A Schrödinger Eigenfunction Method for Long-Horizon Stochastic Optimal Control¶

Conference: ICLR2026
OpenReview: https://openreview.net/forum?id=lcEw5NcSij
Code: TBD
Area: Optimization / Stochastic Optimal Control / Spectral Methods
Keywords: Stochastic Optimal Control, HJB Equation, Schrödinger Operator, Eigenfunction Learning, Long-Horizon Planning

TL;DR¶

For a class of stochastic optimal control (SOC) problems where the "uncontrolled drift is the gradient of a potential function," this paper proves that the linearized HJB operator is unitarily equivalent to a Schrödinger operator with a purely discrete spectrum. Consequently, long-horizon optimal control can be directly determined by the principal eigenfunction of this operator (with correction terms decaying exponentially over the time horizon). Based on this, closed-form solutions for symmetric LQR are provided, and a relative eigenfunction loss is proposed to eliminate "implicit reweighting" bias, reducing the memory/time complexity of long-horizon SOC from $O(Td)$ to $O(d)$ while improving control accuracy by approximately one order of magnitude.

Background & Motivation¶

Background: Stochastic optimal control investigates how to drive a system characterized by stochastic differential equations (SDEs) to minimize the expected total cost, with applications in rare event sampling in molecular dynamics, robotics, and finance. Under the "affine control" setting (where control enters the state linearly), the optimal control is exactly equal to the gradient of the value function, allowing for significant simplification of the corresponding Hamilton-Jacobi-Bellman (HJB) equation. Since high-dimensional problems cannot be solved with grid-based PDE solvers due to the curse of dimensionality, neural networks are commonly used to solve the HJB, primarily via two routes: Forward-Backward SDE (FBSDE) methods and Iterative Diffusion Optimization (IDO, which relies on simulating controlled trajectories + automatic differentiation to update parameters).

Limitations of Prior Work: These methods deteriorate significantly as the time horizon $T$ increases. Memory and single-step runtime grow at least linearly with $T$. Theoretically, error estimates for FBSDE worsen with $T$, and for IDO, the variance of weights in importance sampling can explode exponentially with $T$. In other words, long-horizon planning is a shared weakness of this family of methods, a phenomenon replicated by the authors in their experiments.

Key Challenge: Existing methods treat SOC as a dynamic programming problem that rolls back along the time axis, inherently tying the computational cost to $T$. However, intuitively, when the time is far from the terminal moment ($t \ll T$), the optimal control should converge to a "steady state" that is nearly independent of $T$—an intuition that current methods fail to exploit.

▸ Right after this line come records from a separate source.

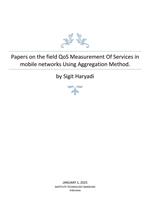 Papers on the field QoS Measurement Of Services in mobile networks Using Aggregation Method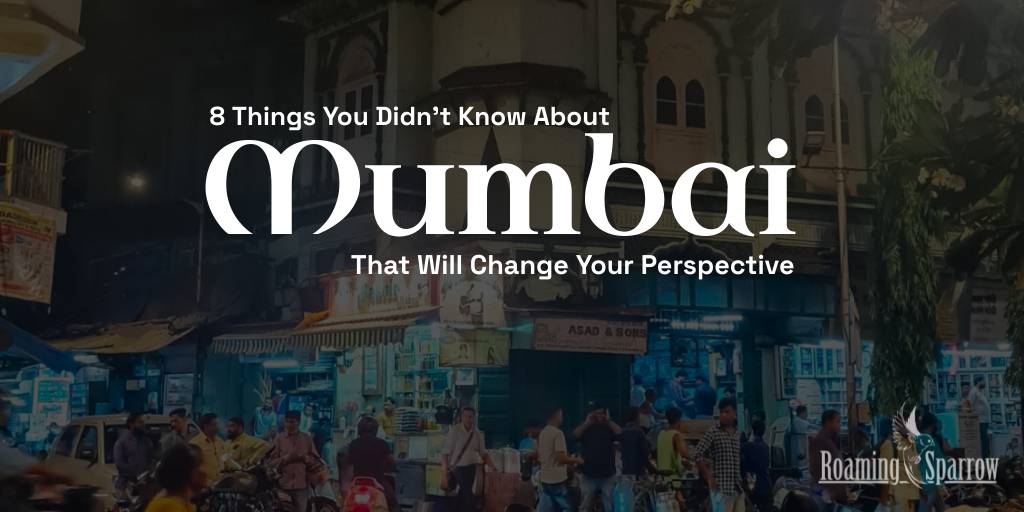 8 Things You Didn't Know About Mumbai That Will Change Your Perspective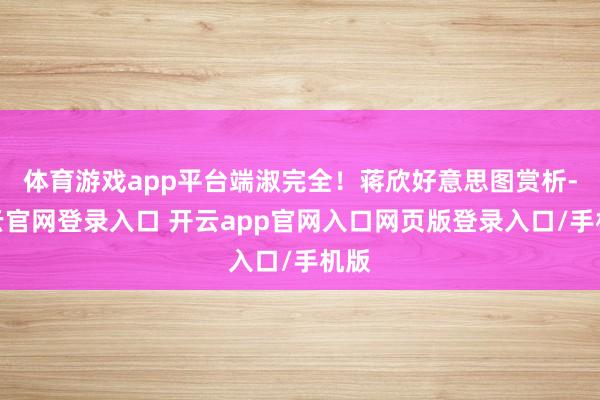 体育游戏app平台端淑完全！蒋欣好意思图赏析-开云官网登录入口 开云app官网入口网页版登录入口/手机版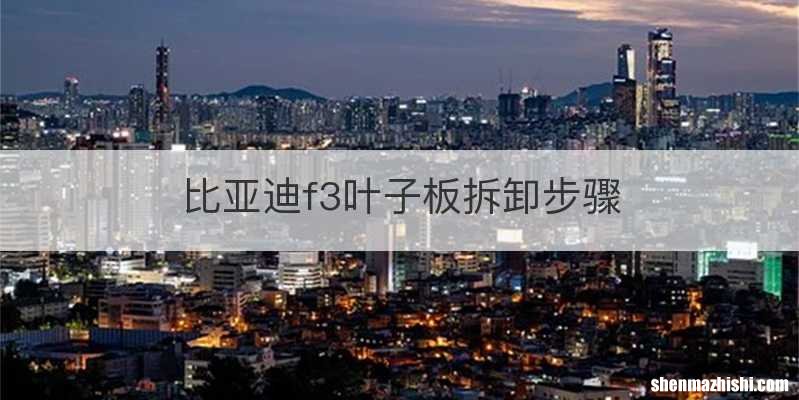 比亚迪f3叶子板拆卸步骤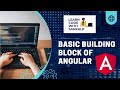 Ep.2 Basic building block of angular.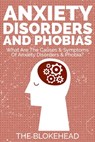 Anxiety Disorders And Phobias : What Are The Causes & Symptoms Of Anxiety Disorders & Phobia? - The Blokehead - 9781311762078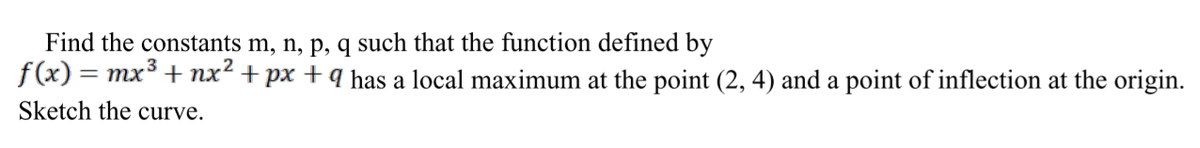Find the constants m, n, p, q such that the function defined by
f(x) = mx° + nx² + px + q has a local maximum at the point (2, 4) and a point of inflection at the origin.
Sketch the curve.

Goal: To identify a sub-class of SOC problems where long-horizon control can be characterized by a $T$-independent steady-state object, thereby escaping the curse of computational cost increasing with $T$.

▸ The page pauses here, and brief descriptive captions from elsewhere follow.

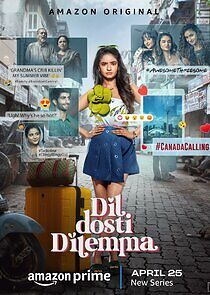 Watch Dil Dosti Dilemma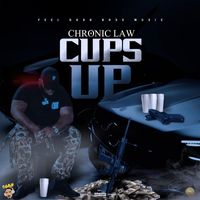 Chronic Law - Cups Up (Explicit)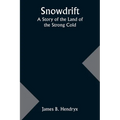Snowdrift: A Story of the Land of the Strong Cold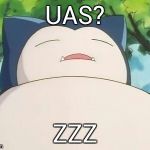 Snorlax | UAS? ZZZ | image tagged in snorlax | made w/ Imgflip meme maker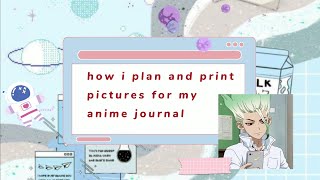 how i plan and print pictures | anime journal screenshot 3
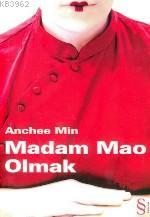 Madam Mao Olmak Anchee Min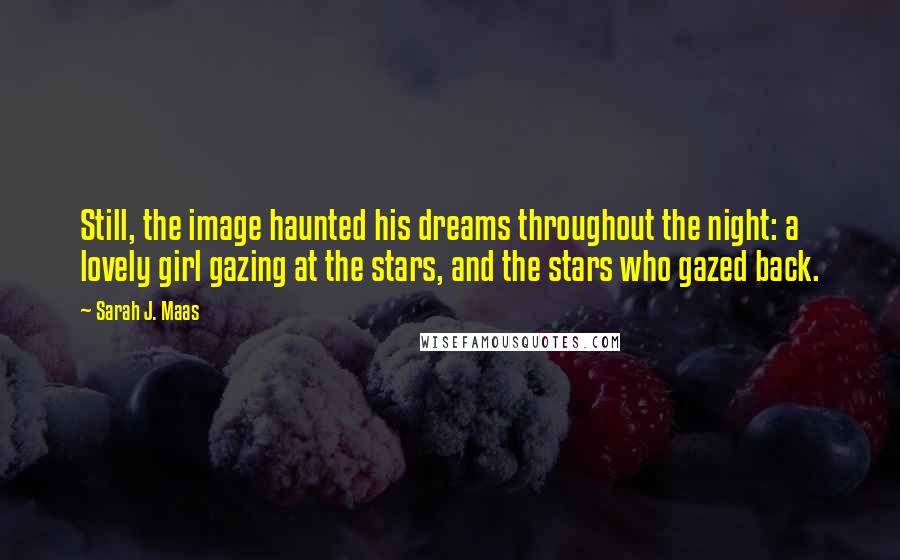 Sarah J. Maas Quotes: Still, the image haunted his dreams throughout the night: a lovely girl gazing at the stars, and the stars who gazed back.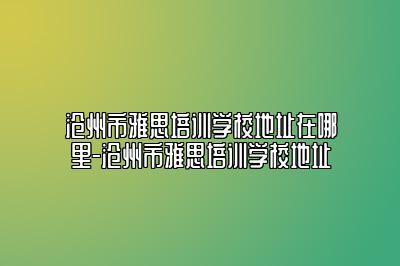 沧州市雅思培训学校地址在哪里-沧州市雅思培训学校地址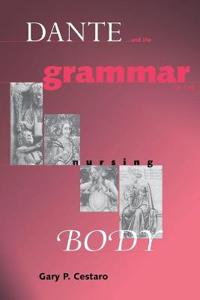 Dante and the Grammar of the Nursing Body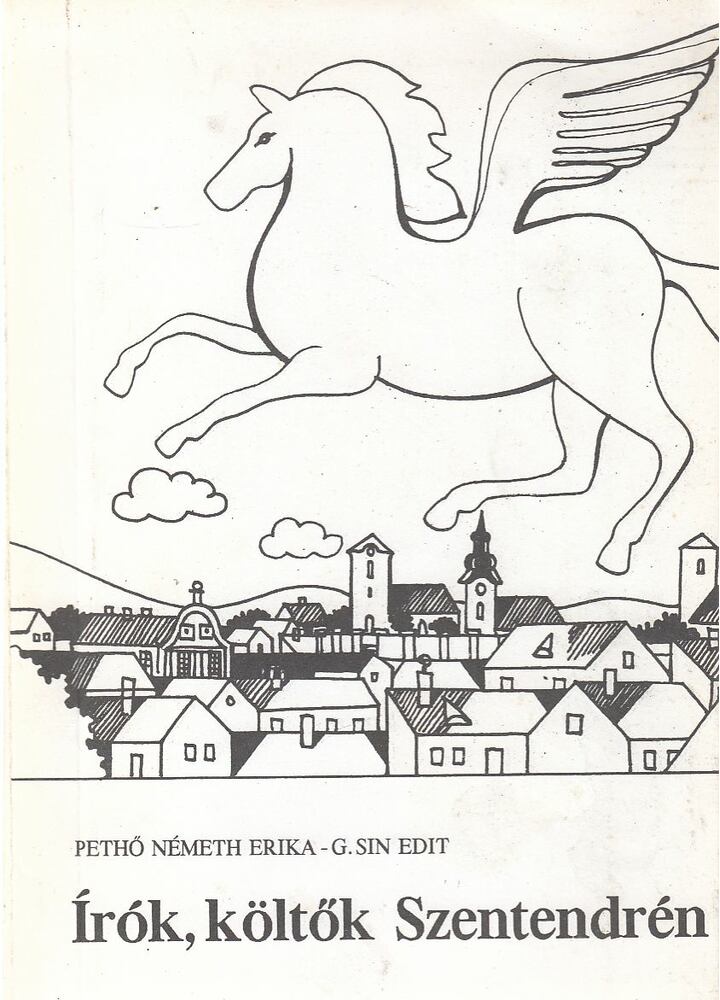 Pethő Németh Erika, G. Sin Edit - írók, költők Szentendrén [antikvár]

Key Insight: Under affine control, the HJB can be linearized via the Cole–Hopf transformation $\psi := \exp(-V)$ into $\partial_t\psi = L\psi$, where the optimal control is $u^* = \partial_x\log\psi$. The solution to this linear PDE can leverage the logic of finite-dimensional linear ODEs—expanding the initial value in the operator's eigenbasis and applying the exponential operator to the eigenvalues. If $L$ has a discrete spectrum, $\psi$ can be written as an eigenfunction series $\psi_\tau=\sum_i e^{-\lambda_i\tau}\langle\phi_i,\psi_0\rangle\phi_i$, where the "principal eigenfunction" $\phi_0$ corresponding to the lowest eigenvalue dominates the long-horizon behavior.

Core Idea: Under the assumption that "drift is a gradient field," $L$ is unitarily equivalent to a Schrödinger operator $S=-\Delta+V$, which guarantees the existence of a discrete spectrum. Thus, long-horizon optimal control can be provided by a single principal eigenfunction $\phi_0$, with correction terms decaying exponentially as $T-t$ increases—transforming a time-rolling control problem into a $T$-independent eigenvalue problem.

Method¶

Overall Architecture¶

The method presented is a chain of "theoretical reduction + numerical solving." The input is an affine control SOC problem: SDE dynamics $dX_t^u=(b(X_t^u)+\sigma u)\,dt+\sqrt{\beta^{-1}}\sigma\,dW_t$, with a cost functional containing a running cost $f$ and a terminal cost $g$. The output is the high-dimensional, long-horizon optimal feedback control $u^*(x,t)$.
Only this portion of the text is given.